Records contained in a dataset
= Beginning of Section =
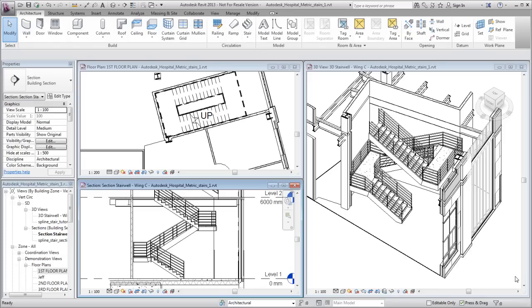Later, you could sketch a landing to connect the first-floor stair to the second floor.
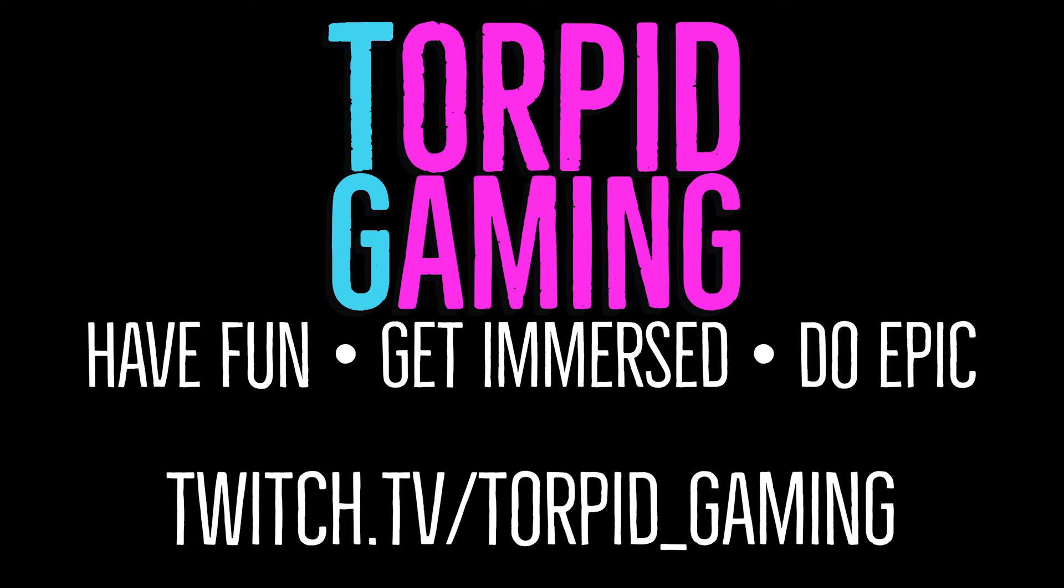What's up guys, Zepp from the Torpid Gaming Network here and today we're going to be making your first Dungeons & Dragons streaming overlay.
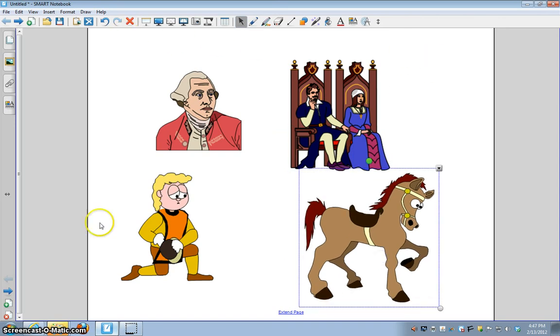But remember, you want it to all fit on one page because as you're narrating your story, you don't want people to have to scroll up and down to be able to see what you've done. And that's how you add a picture from the gallery.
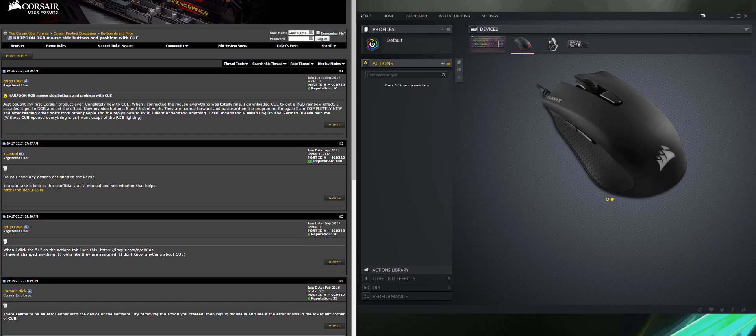Hey everybody, I just fixed a problem that I was having with my Corsair Harpoon RGB mouse, and I figured if I made a video, I can help you guys out.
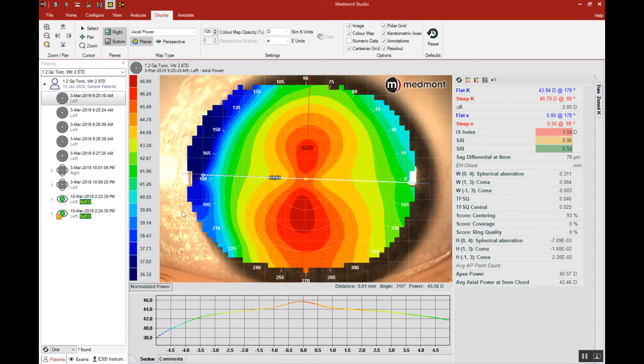This video reviews the pupil definition tool available in the Medmont Studio software.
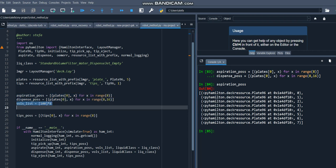Now we have to specify a volume list, and in this case, each channel will be aspirating a volume of 100 microliters. The volume list will be a list of length 8, where each element of the list specifies the volume being aspirated by each channel.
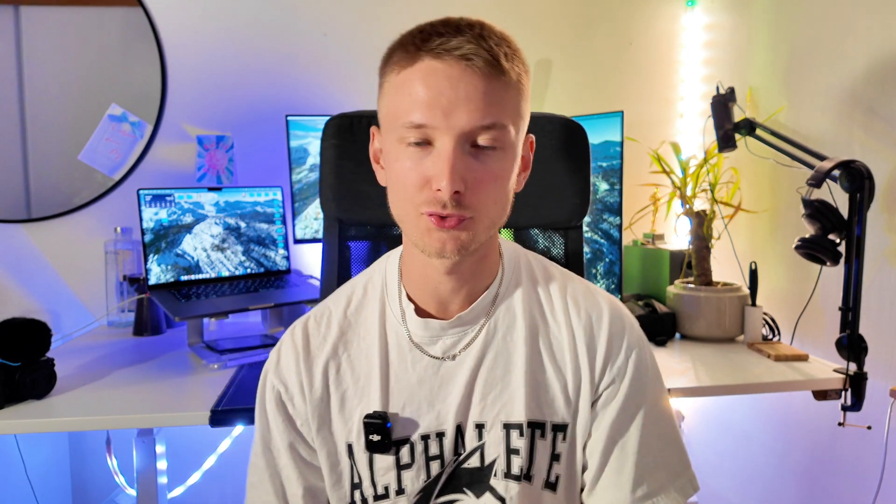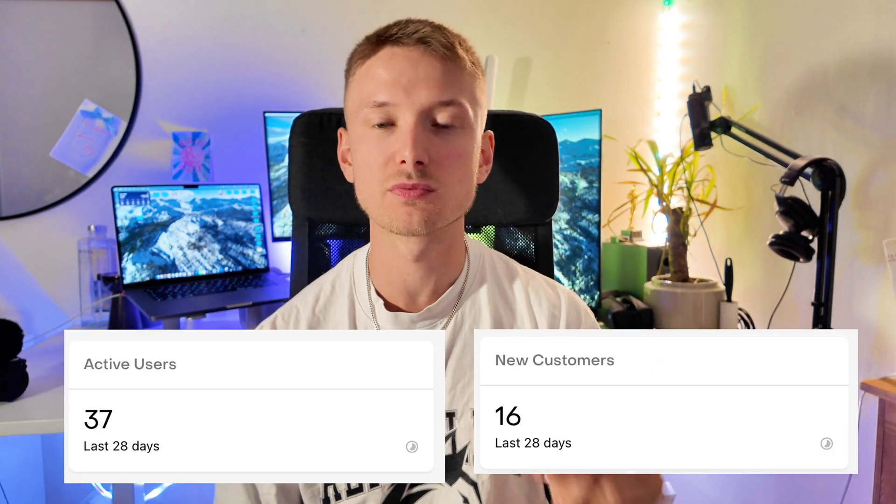Currently we're at around 20 active users per month. So it's a very, very small app and revenue from it is therefore not huge, but we have made some money that we're going to be getting to.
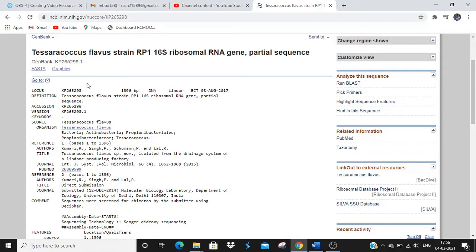This accession number is for the 16S rRNA gene. It also gives other information such as the authors who submitted the sequence, and if the paper is published, the title of that paper and which journal it was published in. It also shows direct submission details — the date when it was submitted and the laboratory from where it was submitted.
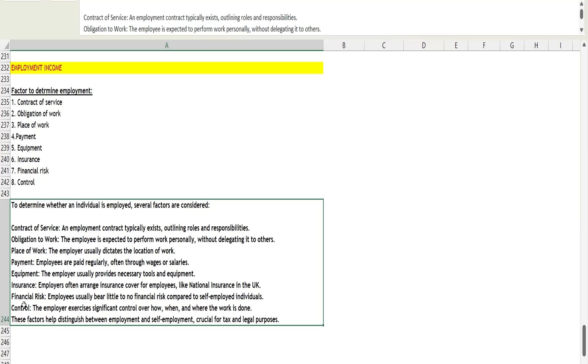It is very important from the tax and legal purpose. In this video, we understand the factors which determine employment. In the next video, we will learn how to calculate employment income.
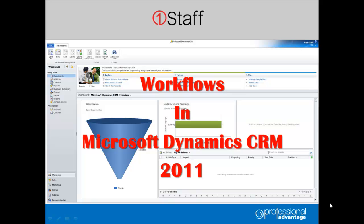In this OneStaff demonstration, we can see the power of the workflow process inside Microsoft Dynamics CRM 2011.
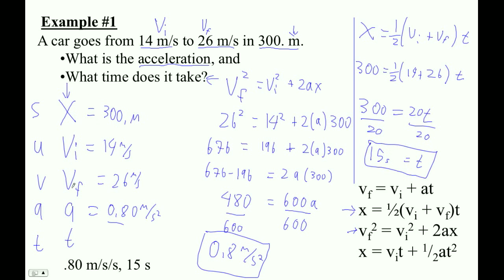So there you go. Step one: write down what you know — a little sleuthing, look at the units. Step two: find a formula for what you're trying to solve for, but not one that includes something you don't know. And just like we discussed, if you pick a formula that doesn't include the acceleration you just solved for, that's probably better. For extra practice, try solving for T using the 0.8 — I bet it turns out to be 15. That would be how you check your work.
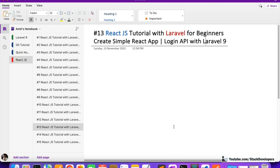Hello everyone, welcome to part 13 of React.js tutorial with Laravel for beginners. In this video we will continue working on our simple React app — a simple ecommerce app. We are going to work on the login API with Laravel 9, so that we can build the login form in the React app. Both the ecommerce website and the ecommerce app will work in parallel, having the same products and users.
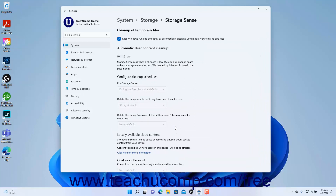To ensure Windows cleans up temporary files, ensure the Keep Windows Running Smoothly by Automatically Cleaning Up Temporary System and App Files checkbox in the Cleanup of Temporary Files section is checked. Note that this setting is separate from the Storage Sense settings, which appear under the Automatic User Content Cleanup section below it.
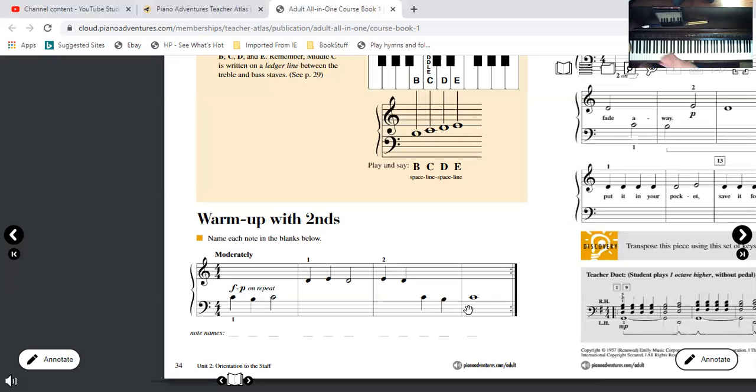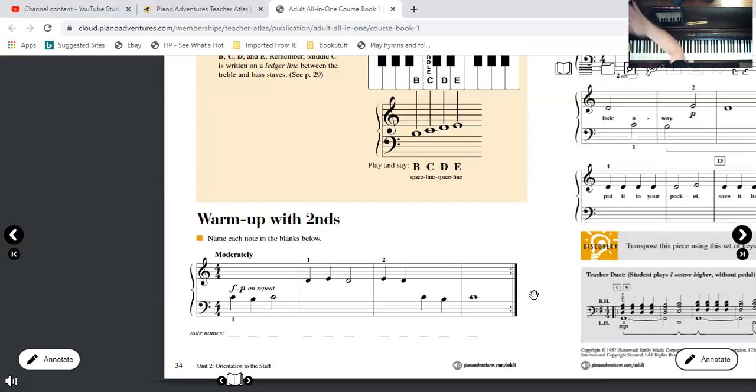That's a really good exercise to do just for your muscle memory. And if you write those letters in, they'll stick in your brain really well. Good luck with that.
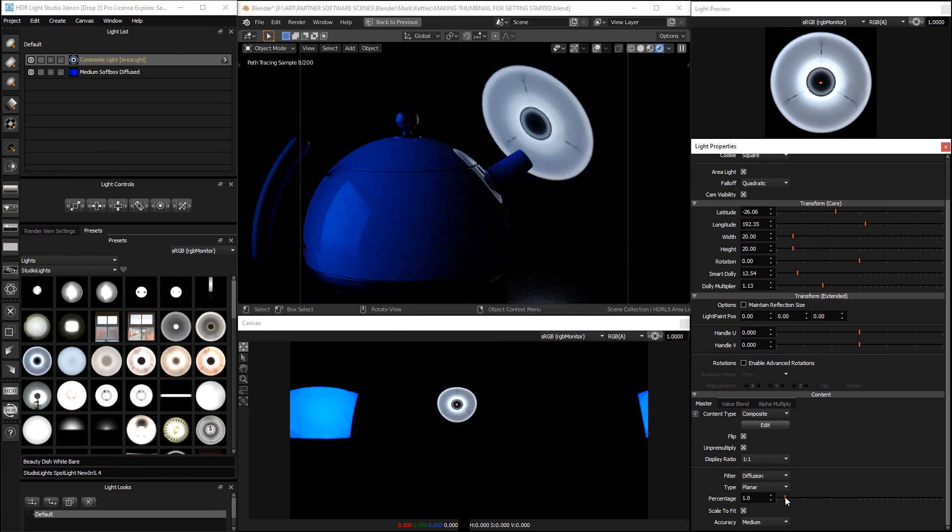And that is how you blur an area light in HDRI light studio xenon drop 2. Thanks for watching.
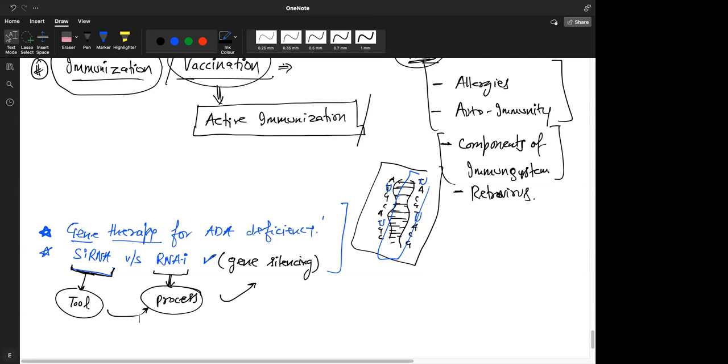siRNA is the tool — it is exactly the RNA we are creating. You can remember it as small interfering RNA, or also as silencing RNA — siRNA will go and do RNAi inside the cell. Is that clear? Yes sir. No confusion between the two.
= End of Section =
# Work request
Your answer must be the exact lines of the records from the first one through the line containing "But remember, you", with no pictures in it.

# Reply to the task
Later, you could sketch a landing to connect the first-floor stair to the second floor.
What's up guys, Zepp from the Torpid Gaming Network here and today we're going to be making your first Dungeons & Dragons streaming overlay.
But remember, you want it to all fit on one page because as you're narrating your story, you don't want people to have to scroll up and down to be able to see what you've done. And that's how you add a picture from the gallery.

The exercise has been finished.